Anthropologists are in an uproar. A few weeks before the annual American Anthro- pological Association meeting in San Jose, an ad hoc group put up a site that protested the AAA's insistence on keeping the publishing of scientific papers as a for-profit activity. "How has the AAA gotten to a point where its solvency seems to be based solely on the sales of our scholarly work?" the site challenged. "Work that has already been paid for by public and private granting agencies, which we pay registration fees to present at conferences organized by the scholarly society we pay membership fees to join? Why must we also charge our readers?" In particular, the site objected to the AAA's public opposition to federal legislation that would require any research it funds to be available for free.

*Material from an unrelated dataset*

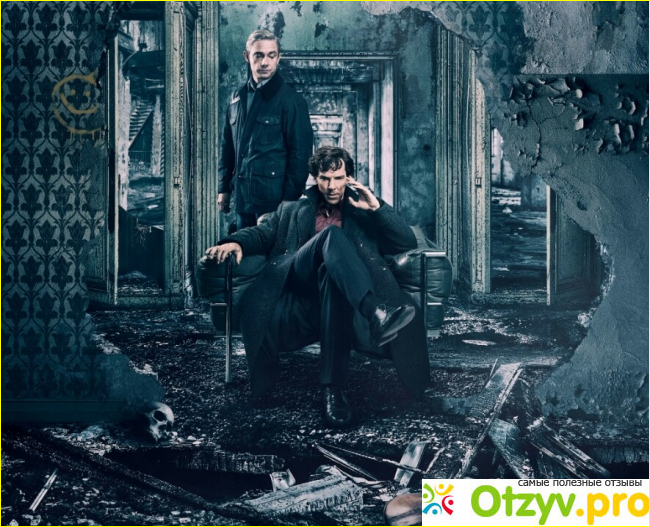  «Шерлок» («Sherlock») — детективный телесериал 2010 года.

It's not just the anthropologists who are having this fight. If you're a scientist because you want to advance knowledge, then the embedding of science in capitalism feels like a poor fit. Of course there are times when their aims are aligned, but there are times when the moon and sun are aligned, too, but those are exceptions we call eclipses. There's no reason to think that the invisible hand of the market will steer us exactly the same way that well-funded scientists would. There's no guarantee that any particular area of knowledge will have monetary value now or ever, directly or indirectly. We don't know and can't know exactly what will turn out to be of extraordinary explanatory or practical value. If science were left solely at the mercy of capitalism, it would be indistinguishable from product development.

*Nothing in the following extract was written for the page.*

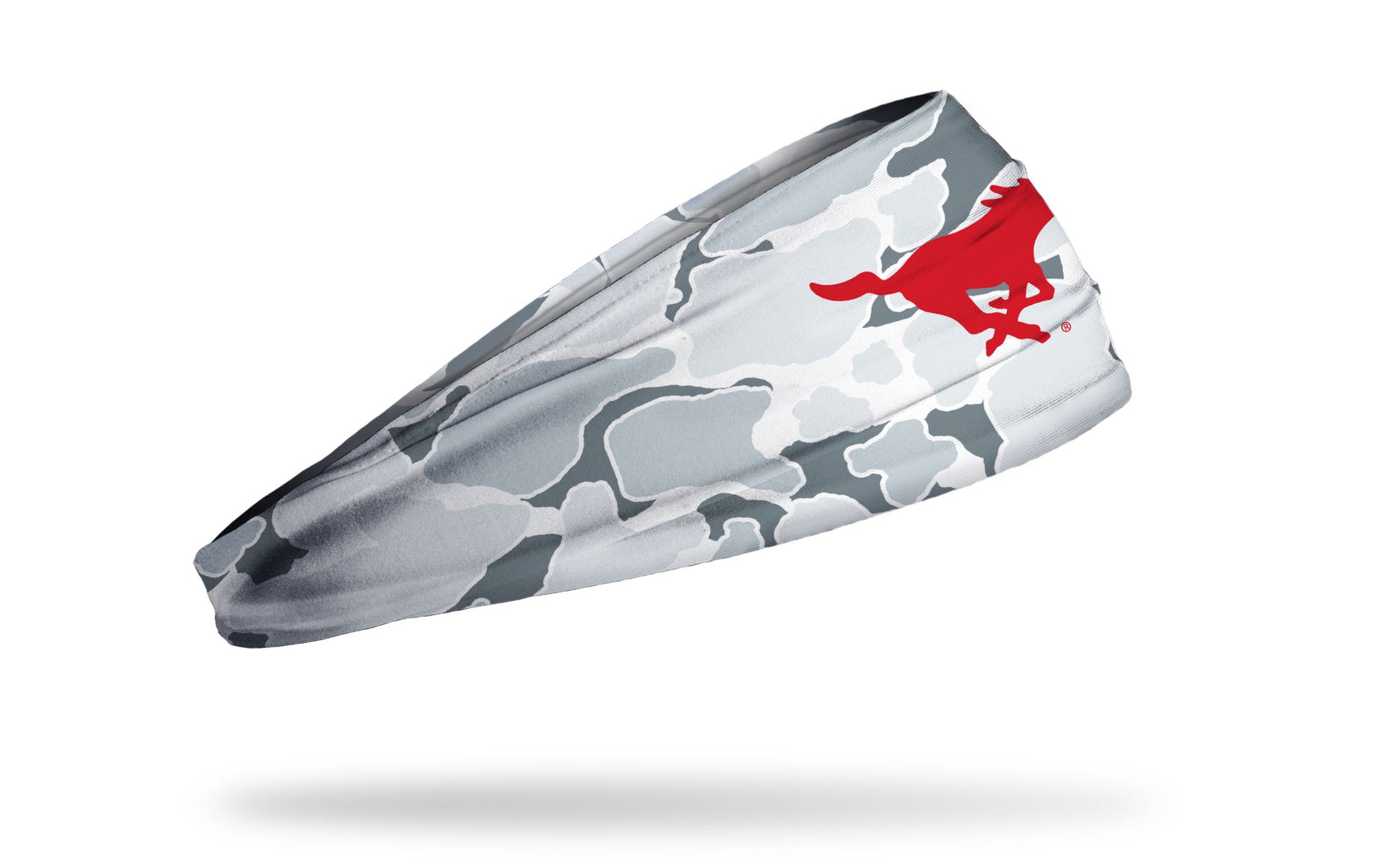 Southern Methodist University: Camo Big Bang Lite Headband - View 2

Fortunately, science gets funded in a variety of ways that keep it somewhat independent of the market's shortsighted demand on tying effort to recompense. But some of those ways leverage scarcity of access. Scientific journals can charge enormous amounts of money for subscriptions, knowing that academic libraries have the sufficient budget. They even leverage the scarcity of pages in paper-based journals by charging scientists hefty production fees for printing their articles—not for the offprints but for publishing the article in the journal itself. They do this knowing, again, that the institutions have budgeted for this expense.
Unfair old policies
But, we pay a high price for these methods of funding. Only a small portion of the world can afford to pay $15,000 for a subscription to a scientific journal. Only scientists employed by relatively affluent institutions can afford the production costs. If it's true that we can't know in advance which areas of research are going to have value, then these policies hold us back as a species. In the digital age, where both access and production are essentially free, these old policies are unconscionable.
New open models
There's plenty of activity trying to get past those old models. Cornell's arXiv.org (originally created by a scientist at Los Alamos) publishes online any paper sent to it, so long as it comes from a scientist with some type of credential. Public Library of Science (PLoS) peer-reviews articles but publishes many, many more than any journal with a staple in its center can. A new project, PLoS One, will publish any peer-reviewed article, no matter how important or relevant. Sites like these open up science.

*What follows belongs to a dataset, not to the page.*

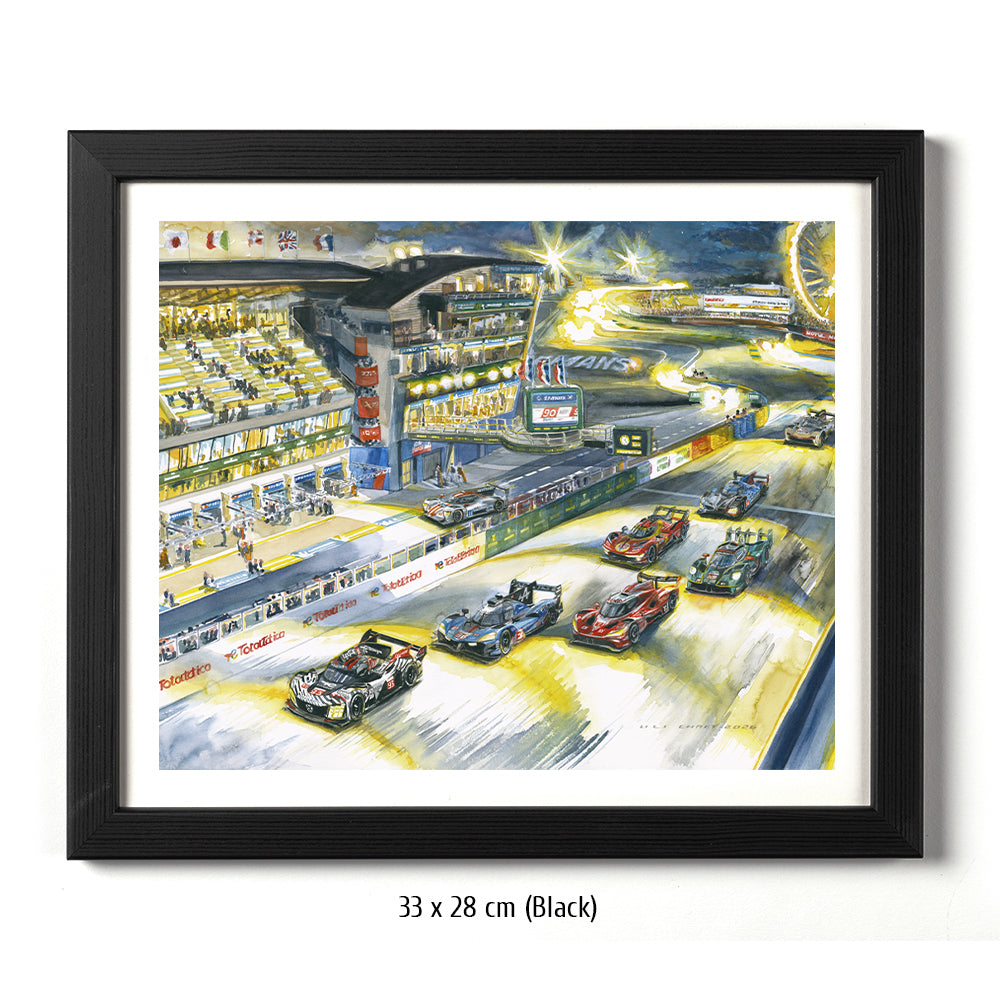 #1600 "Bonjour Le Mans"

While getting published in any of these sites doesn't carry the same career-advancing cachet as having your article run in Science or Nature, it does get your ideas and data out into the public where it can do some good.
And over time, reputation systems will emerge that will bolster careers as effectively as an offprint from The Journal of the American Medical Association. When there's a scarcity of publication media, reputation is built by being one of the few to make it through the filter. When there's an abundance of publication media, reputation gets built by links. An economy of scientific knowledge will emerge that lets people find research and quickly judge its credibility—perhaps too quickly, but abundance can be tough in its own way.
The fact is that demands of capitalism and the processes by which we develop ideas and knowledge don't always fit together well. Businesses, too, would do well to keep them apart except where their aims are truly aligned.